** WHAT IS BEING ASKED **
Below are lines of data; restate word for word those running from the line containing "AppleID将成历史：改名Apple Account，从苹果iOS18开始" to the line containing "Gourmet ME, a", inclusive, and no others.

** RAW DATA **
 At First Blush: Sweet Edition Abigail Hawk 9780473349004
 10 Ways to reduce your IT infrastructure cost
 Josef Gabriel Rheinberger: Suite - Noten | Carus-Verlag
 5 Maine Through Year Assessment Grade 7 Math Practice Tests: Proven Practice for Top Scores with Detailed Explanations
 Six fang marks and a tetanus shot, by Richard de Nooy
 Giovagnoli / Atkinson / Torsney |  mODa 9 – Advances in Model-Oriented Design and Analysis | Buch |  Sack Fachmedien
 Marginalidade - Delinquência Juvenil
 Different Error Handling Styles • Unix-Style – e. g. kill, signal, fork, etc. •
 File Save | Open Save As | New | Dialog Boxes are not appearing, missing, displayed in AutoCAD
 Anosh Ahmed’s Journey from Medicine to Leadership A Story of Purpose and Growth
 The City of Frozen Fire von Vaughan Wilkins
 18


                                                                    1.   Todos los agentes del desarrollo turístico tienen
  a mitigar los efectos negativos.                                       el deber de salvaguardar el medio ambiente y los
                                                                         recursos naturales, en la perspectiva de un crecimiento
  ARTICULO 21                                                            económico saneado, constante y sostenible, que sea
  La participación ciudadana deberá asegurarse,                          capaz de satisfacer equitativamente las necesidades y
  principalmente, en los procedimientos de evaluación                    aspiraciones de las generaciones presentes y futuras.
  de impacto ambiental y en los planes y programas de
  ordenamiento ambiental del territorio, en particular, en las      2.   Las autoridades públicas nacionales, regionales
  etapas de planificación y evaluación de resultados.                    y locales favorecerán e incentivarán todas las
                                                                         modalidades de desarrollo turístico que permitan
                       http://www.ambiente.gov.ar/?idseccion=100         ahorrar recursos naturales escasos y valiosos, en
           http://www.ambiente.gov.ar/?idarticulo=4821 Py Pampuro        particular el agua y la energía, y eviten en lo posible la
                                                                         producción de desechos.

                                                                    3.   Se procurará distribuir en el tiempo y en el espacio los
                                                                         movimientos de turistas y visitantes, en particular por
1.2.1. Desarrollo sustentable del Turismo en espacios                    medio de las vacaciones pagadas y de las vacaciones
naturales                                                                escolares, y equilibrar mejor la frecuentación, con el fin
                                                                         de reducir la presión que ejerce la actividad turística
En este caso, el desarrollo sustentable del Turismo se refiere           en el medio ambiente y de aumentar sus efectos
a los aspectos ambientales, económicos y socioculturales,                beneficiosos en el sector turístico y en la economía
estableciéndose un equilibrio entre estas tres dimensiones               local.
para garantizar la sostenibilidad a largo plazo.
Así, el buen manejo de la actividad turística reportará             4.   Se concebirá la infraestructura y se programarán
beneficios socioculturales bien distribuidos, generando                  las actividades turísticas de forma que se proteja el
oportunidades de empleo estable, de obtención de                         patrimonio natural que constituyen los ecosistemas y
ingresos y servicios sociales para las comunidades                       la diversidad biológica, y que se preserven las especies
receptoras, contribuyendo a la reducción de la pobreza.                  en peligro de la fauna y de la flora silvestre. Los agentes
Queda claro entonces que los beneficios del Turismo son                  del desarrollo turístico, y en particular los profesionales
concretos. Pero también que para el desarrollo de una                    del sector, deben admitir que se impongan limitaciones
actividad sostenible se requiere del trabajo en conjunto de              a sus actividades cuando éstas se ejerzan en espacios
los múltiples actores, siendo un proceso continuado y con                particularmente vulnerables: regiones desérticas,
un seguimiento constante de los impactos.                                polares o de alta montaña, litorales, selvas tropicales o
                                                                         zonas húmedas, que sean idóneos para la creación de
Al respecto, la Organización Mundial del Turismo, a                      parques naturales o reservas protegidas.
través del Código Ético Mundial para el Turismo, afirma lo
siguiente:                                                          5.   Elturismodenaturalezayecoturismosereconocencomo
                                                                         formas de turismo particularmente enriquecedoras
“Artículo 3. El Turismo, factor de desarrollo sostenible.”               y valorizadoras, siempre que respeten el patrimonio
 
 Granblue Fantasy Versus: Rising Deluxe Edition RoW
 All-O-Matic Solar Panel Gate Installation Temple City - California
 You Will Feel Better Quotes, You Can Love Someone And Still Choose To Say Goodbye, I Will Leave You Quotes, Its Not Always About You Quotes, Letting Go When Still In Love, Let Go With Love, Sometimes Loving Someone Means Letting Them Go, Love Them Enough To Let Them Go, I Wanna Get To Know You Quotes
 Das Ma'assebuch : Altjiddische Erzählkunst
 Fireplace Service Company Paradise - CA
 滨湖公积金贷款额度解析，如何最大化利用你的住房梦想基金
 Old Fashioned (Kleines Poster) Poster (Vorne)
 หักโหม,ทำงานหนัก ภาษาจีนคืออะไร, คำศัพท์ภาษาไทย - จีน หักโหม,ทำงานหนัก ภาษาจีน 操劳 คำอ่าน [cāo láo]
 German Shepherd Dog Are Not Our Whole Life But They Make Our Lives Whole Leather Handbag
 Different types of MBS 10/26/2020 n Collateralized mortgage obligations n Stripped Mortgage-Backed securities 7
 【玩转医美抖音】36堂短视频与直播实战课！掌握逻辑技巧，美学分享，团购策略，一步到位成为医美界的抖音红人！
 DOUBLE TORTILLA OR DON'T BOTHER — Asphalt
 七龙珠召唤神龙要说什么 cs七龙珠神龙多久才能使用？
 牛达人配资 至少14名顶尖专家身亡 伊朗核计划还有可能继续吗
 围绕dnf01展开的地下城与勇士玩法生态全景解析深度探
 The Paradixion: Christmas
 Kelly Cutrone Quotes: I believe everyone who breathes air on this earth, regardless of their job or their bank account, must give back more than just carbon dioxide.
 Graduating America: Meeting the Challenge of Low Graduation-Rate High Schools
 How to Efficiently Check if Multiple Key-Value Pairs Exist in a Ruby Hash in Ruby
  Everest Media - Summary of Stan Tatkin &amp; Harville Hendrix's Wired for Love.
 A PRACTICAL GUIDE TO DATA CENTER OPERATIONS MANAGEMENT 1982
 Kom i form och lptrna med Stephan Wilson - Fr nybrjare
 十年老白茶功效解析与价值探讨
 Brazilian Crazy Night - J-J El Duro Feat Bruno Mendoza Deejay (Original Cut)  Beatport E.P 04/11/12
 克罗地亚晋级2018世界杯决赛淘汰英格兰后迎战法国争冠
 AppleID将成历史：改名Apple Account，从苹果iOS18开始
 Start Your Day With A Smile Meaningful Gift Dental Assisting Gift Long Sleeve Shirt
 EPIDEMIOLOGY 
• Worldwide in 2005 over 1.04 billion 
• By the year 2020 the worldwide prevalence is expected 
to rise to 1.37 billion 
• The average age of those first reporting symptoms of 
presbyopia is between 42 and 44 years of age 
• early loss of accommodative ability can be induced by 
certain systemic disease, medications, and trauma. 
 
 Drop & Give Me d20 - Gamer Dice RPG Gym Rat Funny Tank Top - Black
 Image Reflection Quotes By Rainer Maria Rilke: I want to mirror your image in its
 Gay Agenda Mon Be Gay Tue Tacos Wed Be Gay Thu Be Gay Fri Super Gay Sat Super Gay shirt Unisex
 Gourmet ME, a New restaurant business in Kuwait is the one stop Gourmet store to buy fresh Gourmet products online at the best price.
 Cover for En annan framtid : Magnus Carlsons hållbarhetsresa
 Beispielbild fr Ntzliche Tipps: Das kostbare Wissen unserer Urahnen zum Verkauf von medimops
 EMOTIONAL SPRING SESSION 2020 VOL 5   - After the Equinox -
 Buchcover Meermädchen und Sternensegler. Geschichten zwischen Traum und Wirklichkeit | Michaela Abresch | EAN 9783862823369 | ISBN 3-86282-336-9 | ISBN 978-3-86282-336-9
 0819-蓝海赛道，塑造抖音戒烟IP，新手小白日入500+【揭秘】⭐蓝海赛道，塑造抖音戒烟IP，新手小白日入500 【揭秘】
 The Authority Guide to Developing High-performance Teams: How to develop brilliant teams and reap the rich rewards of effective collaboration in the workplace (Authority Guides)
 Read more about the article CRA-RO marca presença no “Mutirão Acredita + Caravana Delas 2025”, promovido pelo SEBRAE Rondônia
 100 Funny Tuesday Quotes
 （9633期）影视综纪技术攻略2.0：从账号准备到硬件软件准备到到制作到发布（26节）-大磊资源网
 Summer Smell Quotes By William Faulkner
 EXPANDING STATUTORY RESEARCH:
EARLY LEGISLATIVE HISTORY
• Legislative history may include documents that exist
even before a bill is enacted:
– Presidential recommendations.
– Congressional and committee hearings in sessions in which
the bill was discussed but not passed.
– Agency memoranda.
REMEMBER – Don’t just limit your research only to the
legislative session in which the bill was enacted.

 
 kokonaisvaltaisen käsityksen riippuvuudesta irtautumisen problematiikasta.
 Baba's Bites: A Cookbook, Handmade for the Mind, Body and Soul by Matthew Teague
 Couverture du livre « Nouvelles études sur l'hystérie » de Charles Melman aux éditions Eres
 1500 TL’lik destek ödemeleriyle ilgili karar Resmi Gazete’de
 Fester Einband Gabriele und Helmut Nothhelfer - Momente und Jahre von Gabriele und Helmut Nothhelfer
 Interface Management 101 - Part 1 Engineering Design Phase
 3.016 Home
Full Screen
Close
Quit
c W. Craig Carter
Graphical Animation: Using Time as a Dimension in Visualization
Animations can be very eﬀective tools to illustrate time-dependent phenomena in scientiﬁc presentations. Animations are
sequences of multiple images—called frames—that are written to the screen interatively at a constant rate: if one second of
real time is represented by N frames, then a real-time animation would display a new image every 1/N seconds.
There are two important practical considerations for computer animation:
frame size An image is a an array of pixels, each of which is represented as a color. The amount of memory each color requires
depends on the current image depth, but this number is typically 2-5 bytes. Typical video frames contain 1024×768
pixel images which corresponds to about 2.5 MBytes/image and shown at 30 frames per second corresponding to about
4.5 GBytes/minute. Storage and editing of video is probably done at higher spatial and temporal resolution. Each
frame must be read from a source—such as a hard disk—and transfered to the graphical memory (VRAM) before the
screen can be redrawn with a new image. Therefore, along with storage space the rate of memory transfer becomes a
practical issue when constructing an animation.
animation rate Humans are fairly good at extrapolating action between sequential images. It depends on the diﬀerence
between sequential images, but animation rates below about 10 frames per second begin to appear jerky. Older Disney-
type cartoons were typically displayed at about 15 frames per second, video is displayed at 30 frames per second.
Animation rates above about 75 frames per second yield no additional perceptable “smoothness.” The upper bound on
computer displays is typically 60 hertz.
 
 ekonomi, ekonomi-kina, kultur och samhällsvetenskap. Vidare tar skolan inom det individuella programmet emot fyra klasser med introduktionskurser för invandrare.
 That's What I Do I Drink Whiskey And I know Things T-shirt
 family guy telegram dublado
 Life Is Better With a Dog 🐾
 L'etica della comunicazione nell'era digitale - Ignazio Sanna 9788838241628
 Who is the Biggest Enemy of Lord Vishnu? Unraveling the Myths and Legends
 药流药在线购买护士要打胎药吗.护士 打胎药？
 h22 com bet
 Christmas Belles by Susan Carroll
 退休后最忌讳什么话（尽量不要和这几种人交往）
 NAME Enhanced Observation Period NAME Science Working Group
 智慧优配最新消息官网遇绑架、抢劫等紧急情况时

** RESPONSE AREA **
 AppleID将成历史：改名Apple Account，从苹果iOS18开始
 Start Your Day With A Smile Meaningful Gift Dental Assisting Gift Long Sleeve Shirt
 EPIDEMIOLOGY 
• Worldwide in 2005 over 1.04 billion 
• By the year 2020 the worldwide prevalence is expected 
to rise to 1.37 billion 
• The average age of those first reporting symptoms of 
presbyopia is between 42 and 44 years of age 
• early loss of accommodative ability can be induced by 
certain systemic disease, medications, and trauma. 
 
 Drop & Give Me d20 - Gamer Dice RPG Gym Rat Funny Tank Top - Black
 Image Reflection Quotes By Rainer Maria Rilke: I want to mirror your image in its
 Gay Agenda Mon Be Gay Tue Tacos Wed Be Gay Thu Be Gay Fri Super Gay Sat Super Gay shirt Unisex
 Gourmet ME, a New restaurant business in Kuwait is the one stop Gourmet store to buy fresh Gourmet products online at the best price.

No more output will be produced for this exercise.